Bootstrap resampling.

  • covariance: Only useful for runComputeCov.py when computing the covariance matrix using bootstrap resampling method.
  • n_boots: Number of bootstrap samples to use. Default: 5000
  • Example:
covariance: 
    n_boots: 5000

Outputs

  • Assume output_prefix: massive

runComputeDS.py

  • A summary of the DeltaSigma profiles for the primary pre-computed result: massive_dsigma.npz or massive_dsigma_with_random.npz when a random catalog is available. The data available in this compressed file are:

    • dsigma_output: structured array as a summary of the DeltaSigma results. Will describe later.
    • cosmology: A dictionary of key cosmology parameters.
    • config: A dictionary for all the configuration parameters.
    • jackknife_samples: The DeltaSigma profiles in each Jackknife regions.
    • lens_weights and rand_weights: Final weights for lenses and randoms. (For debugging, will be removed later).

  • When comparing with a second lens weight, the results will be in massive_dsigma_wratio.npz:

    • rad: Array for radial bin centers, in the unit of Mpc.
    • cosmology: A dictionary of key cosmology parameters.
    • config: A dictionary for all the configuration parameters.
    • diff_avg: The average ratio between the two DeltaSigma profiles.
    • diff_var: The uncertainty of the ratio.
    • dsig_1 and dsig_2: The DeltaSigma profiles using lens_weight and lens_weight_2 in each of the Jackknife regions. The ratio is in the format of dsig_2 / dsig_1.
    • diff_arr: The ratios of two DeltaSigma profiles in each of the Jackknife region.

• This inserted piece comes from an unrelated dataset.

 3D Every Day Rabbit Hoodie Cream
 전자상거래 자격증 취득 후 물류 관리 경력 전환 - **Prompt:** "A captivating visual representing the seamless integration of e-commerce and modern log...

  • When comparing with the second set of pre-computed results, the summary file is massive_dsigma_ratio.npz:

    • The output format is the same with massive_dsigma_wratio.npz.

runComputeCov.py

  • The summary of the DeltaSigma profiles for the first set of pre-computed results: massive_ds_cov.npz. Available data are:

    • r_mpc: Radial bin centers in the unit of Mpc.
    • config: Configuration parameters in a dictionary.
    • delta_sigma: The stacked DeltaSigma profile for all lenses.
    • disgma_boot: The DeltaSigma profiles for each of the bootstrap samples.
    • cov_trunc: Covariance matrix for the DeltaSigma profile.

  • When comparing with another lens weight. The output is massive_ds_cov_wratio.npz:

    • r_mpc: Radial bin centers in the unit of Mpc.
    • config: Configuration parameters in a dictionary.
    • dsigma_1 and dsigma_2: The stacked DeltaSigma profile for all lenses using lens_weight and lens_weight_2.
    • ratio_boot: The ratio of DeltaSigma profiles using different weights for each of the bootstrap samples.
    • avg_ratio: The average ratio of two profiles.
    • err_ratio: The uncertainty of the ratio using the diagonal term of the covariance matrix.
    • cov_trunc: Covariance matrix for the ratio of the DeltaSigma profile.

  • When comparing with the second set of pre-computed results. The output is massive_ds_cov_ratio.npz:

    • The format is the same as in the massive_ds_cov_wratio.npz one.